Microsoft Touch Mouse gets its own multi-touch SDK

Hot on the heels of the Kinect SDK, Microsoft Research is releasing another software development kit (SDK) for a Microsoft natural user interface product. This time, developers will get to tinker with the multi-touch functionality of the (yet-to-be-released) Microsoft Touch Mouse.

The 32bit/64bit SDK includes both C# and C++ code samples consuming the Microsoft TouchMouseSensor API which outputs a 13×15 grayscale pixel sensor image from the integrated sensor of the mouse itself.
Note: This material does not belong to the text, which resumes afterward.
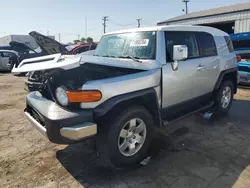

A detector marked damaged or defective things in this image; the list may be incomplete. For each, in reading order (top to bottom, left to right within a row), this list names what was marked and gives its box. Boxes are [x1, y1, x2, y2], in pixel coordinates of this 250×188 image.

crumpled hood [11, 53, 161, 74]
damaged front bumper [24, 92, 96, 143]
cracked pavement [0, 72, 250, 187]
Third party developers can then use this image to detect gestures and other multi-touch events.

Although the tiny sensor and non-commercial license will limit the scope of third-party uses for this device, but making available an SDK even before the product’s launch is a notable effort to allow developers to experiment with NUI computing without resorting to brute-force hacks.

Update: Even though Microsoft Research removed the Touch Mouse SDK shortly after I wrote about it, Marco of found an interesting test tool included in the latest version of IntelliPoint Pro that shows some nice touch sensor visualizations that might help form the basis of a third-party hack for the Touch Mouse.

20 insightful thoughts

  1. How do you click and hold to drag with a touch mouse? By applying more pressure?

      1. That’s not a very good explanation. Can you explain more clearly how does one click and hold if there’s no physical button?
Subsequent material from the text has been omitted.